BBC News reports that "since they were sentenced, the bombers made several appeals for leniency. However, they also said they were keen to be "martyrs" for their dream of creating a South East Asian caliphate." By any standards of the faith that they professed, they ought to have made up their minds before their minds were made up (or rather, used up) for them. Isn't it often claimed that the suicide-murderer generally believes that s/he part-atones for the carnage they inflict by the righteous exchange of their own demise? Not that the wretched rat-bag life of a suicide-murderer amounts to the worth of one hair on the head of any of their victims - 202 individuals, in the case of the Kuta bombings for which these 3 have been duly despatched, under Indonesian law, to that same sorry hole in the ground to which, alas, we will all one day return.

Friday 7 November 2008

Not today though, Alex.

Andy McSmith in an Independent blog notes that Gordon Brown "has good reason to cheer this morning. But there is a proviso. This is Scotland, where the main opposition is the SNP, whose leader, Alex Salmond, was until recently promising to take his country into an "arc of prosperity" with Iceland, fuelled largely by the apparent success of Scotland's two banks. The result is as much a setback for the SNP as an advance for the government."

Wednesday 5 November 2008

5 wholly predictable things that got me a bit misty today

I went to bed last night around 1am, after Pennsylvania was called and Christopher Hitchens' just-vacated chair at the BBC roundtable looked to be filled by a slash of hair that I feared was Maureen Dowd. It wasn't just the deja vu aspect: I'd had a fair bit of wine to drink at a party earlier in the evening (not an election party neither). But as of this morning, I was ready to enjoy a little bit of the drama and mood music in immediate retrospect; and the slight vino-induced fug, added to my creeping sentimental middle years, made me prone to one or two watery-eyed moments, such as:
1. The cover of the Daily Mirror, much the best out of all the papers' choices, in getting not just Obama and his wife walking across the victory-night platform, but also their daughters Sasha and Malia, 10 and 7, who are now going to go live in the White House. There's never been any getting away from arguments about the négritude of any black man (or woman) seeking high office in America: the arguments have usually started, understandably, among African-Americans themselves. That Obama is not the descendent of slaves was, inevitably, soon remarked upon; and some who did not support him wondered nonetheless why he didn't make more of the white half of his parentage. But Obama's daughters are unquestionably two lovely little black-skinned girls.
2. The BBC evening rehash/highlights show replaying that money snippet of the 'I Have A Dream' speech: "... that my four little children will one day live in a nation where they will not be judged by the color of their skin but by the content of their character."
3. Jesse Jackson's face, stricken, after the declaration from the networks came in. I don't think people remember too well the number of primaries he won in 1984 and 1988. Those were big deals. He wasn't up to it, finally, and he's said and done a load of stupid things since; Jeremy Paxman had a crack at him on Monday's night's Newsnight for the infamous off-mic 'cut his nuts off' remark. But Jackson replied sensibly, about the way Obama had at times 'talked down' to blacks, urging responsibility upon them as if everyone else in America was a paragon of austere propriety. Paxman didn't listen to the answer, just asked the question again, obviously interested only in the stuff about 'nuts', which, in fairness, is partly Jackson's own fault. But one suspects he sees his own faults a bit more clearly now, and surely did last night.
4. McCain tamping down the crowd when they booed Obama’s name during his concession speech. He's had to do a lot of that lately, and did it well. No wonder Obama described his phone call as 'extraordinarily gracious.'
5. McCain again, referring to 'the man who was my former opponent and will be my president.' That's McCain's gift, no question. The last six weeks were a long leavetaking for him, but he was at least prepped and ready to strike his plangent valedictory notes.

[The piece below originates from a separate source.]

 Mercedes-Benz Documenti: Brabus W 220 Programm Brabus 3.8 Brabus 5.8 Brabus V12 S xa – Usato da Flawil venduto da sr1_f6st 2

Where do politicians come from, daddy?

In other news today - Hazel Blears is going to tell the Hansard Society that all the wrong sort of people go into politics these days. I wonder if Hazel reckons she herself is on the side of the angels? Lower middle-class background, I suppose; Poly Law graduate, solicitor, local council lawyer, then local councillor, eventually the MP for Salford, from whence she comes.
It's an old saw for Blears to lament politics as "a career move rather than call to public service", and a political class "drawn from narrowing social base and range of experience." However she's obviously damning the PLP when she slags the idea of "a 'transmission belt' from university activist, MP's researcher, think-tank staffer, special adviser, to Member of Parliament and ultimately to the front bench." Apparently her clarion call is for future MPS to arise "from a range of backgrounds - business, the armed forces, scientists, teachers, the NHS, shopworkers..."
What's not to agree with? Sure, did the best and brightest and most honourable people you know go into politics? Or decide to do something more worthy, or that remunerated more handsomely? (If indeed they found work.)
BTW Blears also has a go at bloggers who ‘spreading corrosive cynicism’ in political discourse. Not me, Haze. But of course she’s actually referring to the newly prominent types whose updates run across the masthead of PoliticsHome. And - forgive my cynicism - I don’t think she has a clue what she’s talking about, but is cheerfully reading off the autocue prepared by some younger and doubtless blog-mad researcher.

Monday 3 November 2008

Obama vs McCain: stick a fork in it - it's done?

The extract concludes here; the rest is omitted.